■ **EXERCISE DIRECTIONS**
Exact wording is required: transcribe all the entries and leave the images out.
START DATA TO USE
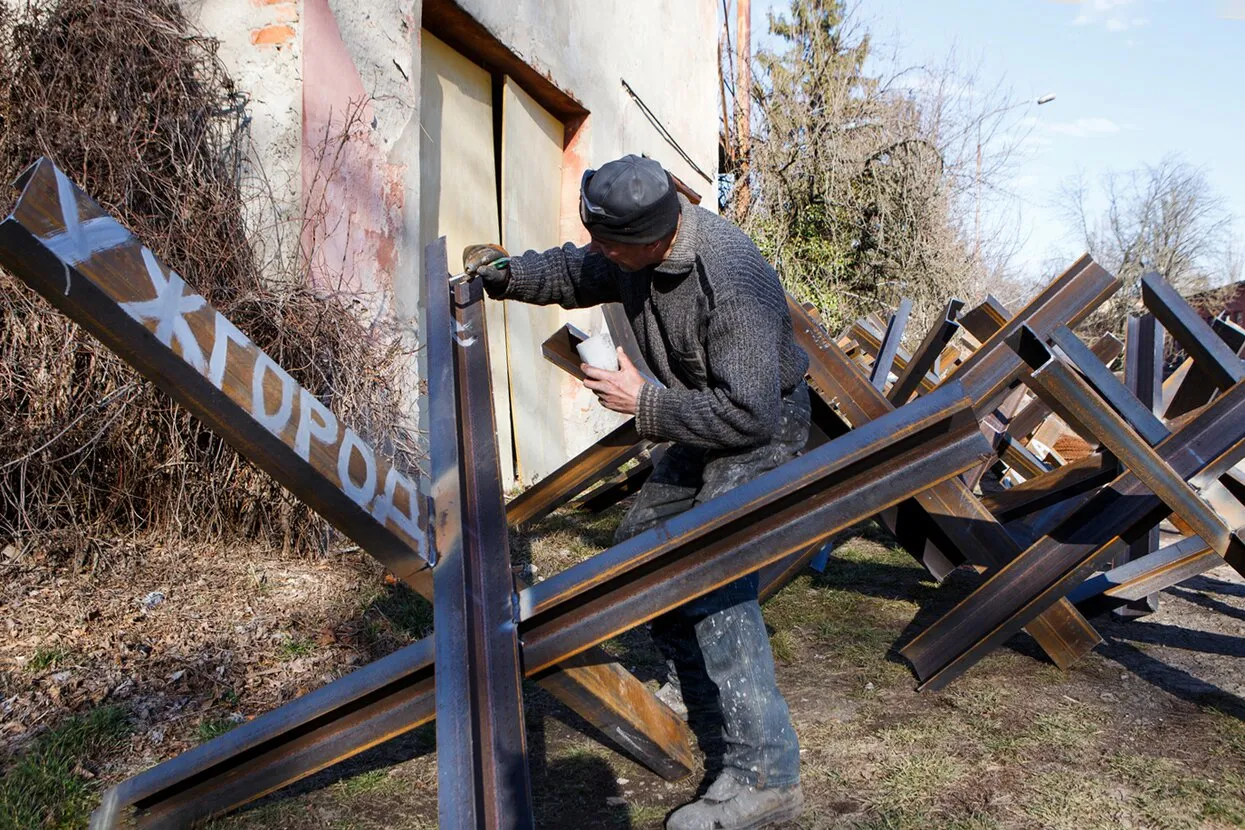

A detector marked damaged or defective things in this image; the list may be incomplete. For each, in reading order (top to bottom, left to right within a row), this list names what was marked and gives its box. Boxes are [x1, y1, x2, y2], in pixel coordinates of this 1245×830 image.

rusty steel beam [0, 157, 433, 589]
rusty steel beam [438, 260, 535, 826]
rusty steel beam [871, 298, 911, 390]
rusty steel beam [891, 298, 966, 405]
rusty steel beam [786, 294, 1100, 666]
rusty steel beam [941, 253, 1120, 418]
rusty steel beam [901, 380, 1245, 691]
rusty metal surface [901, 380, 1245, 691]
rusty steel beam [1015, 328, 1240, 567]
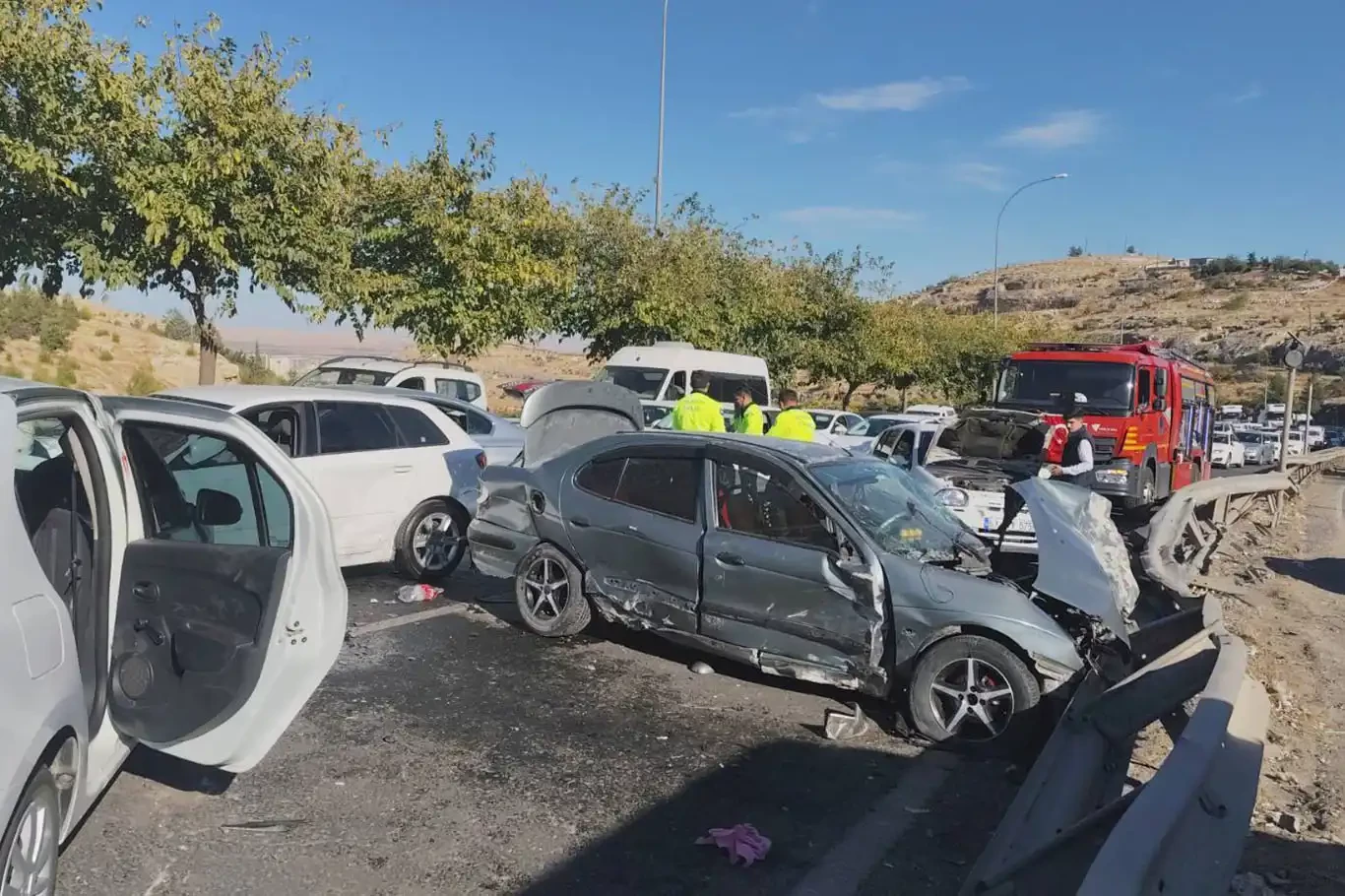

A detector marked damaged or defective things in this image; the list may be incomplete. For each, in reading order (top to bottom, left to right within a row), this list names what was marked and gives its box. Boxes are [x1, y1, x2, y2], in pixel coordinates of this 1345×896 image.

severely damaged gray car [469, 384, 1142, 744]
crumpled car hood [1016, 477, 1142, 646]
broken guardrail [1150, 449, 1345, 603]
broken guardrail [961, 595, 1268, 896]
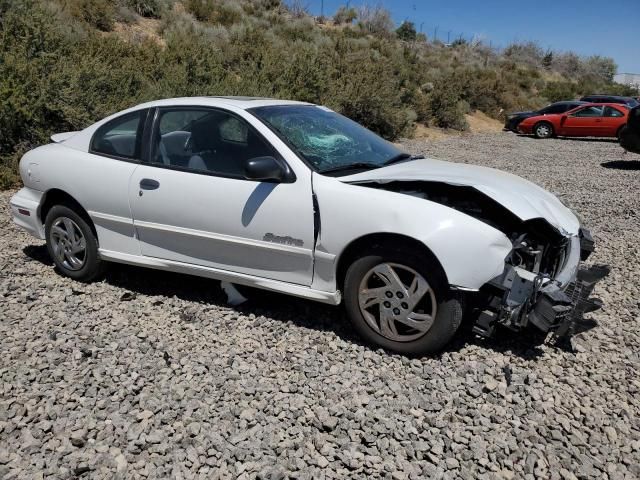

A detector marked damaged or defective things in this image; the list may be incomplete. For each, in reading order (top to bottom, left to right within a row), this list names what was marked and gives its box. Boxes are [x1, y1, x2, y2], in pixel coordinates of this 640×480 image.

damaged white coupe [11, 97, 608, 354]
crushed front end [472, 225, 608, 342]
END DATA TO USE
■ **ANSWER AREA**
A detector marked damaged or defective things in this image; the list may be incomplete. For each, in reading order (top to bottom, left to right within a row), this list names what was marked and gives its box. Boxes are [x1, y1, x2, y2], in pixel coordinates of this 1245×830 image.

rusty steel beam [0, 157, 433, 589]
rusty steel beam [438, 260, 535, 826]
rusty steel beam [871, 298, 911, 390]
rusty steel beam [891, 298, 966, 405]
rusty steel beam [786, 294, 1100, 666]
rusty steel beam [941, 253, 1120, 418]
rusty steel beam [901, 380, 1245, 691]
rusty metal surface [901, 380, 1245, 691]
rusty steel beam [1015, 328, 1240, 567]

A detector marked damaged or defective things in this image; the list may be incomplete. For each, in reading order (top to bottom, left to right within a row), this list names what was marked and gives its box. Boxes are [x1, y1, x2, y2], in pixel coordinates of this 1345×896 image.

severely damaged gray car [469, 384, 1142, 744]
crumpled car hood [1016, 477, 1142, 646]
broken guardrail [1150, 449, 1345, 603]
broken guardrail [961, 595, 1268, 896]

A detector marked damaged or defective things in this image; the list may be incomplete. For each, in reading order (top to bottom, left to right within a row), this list names what was marked and gives its box. Boxes are [x1, y1, x2, y2], in pixel coordinates of this 640×480 image.

damaged white coupe [11, 97, 608, 354]
crushed front end [472, 225, 608, 342]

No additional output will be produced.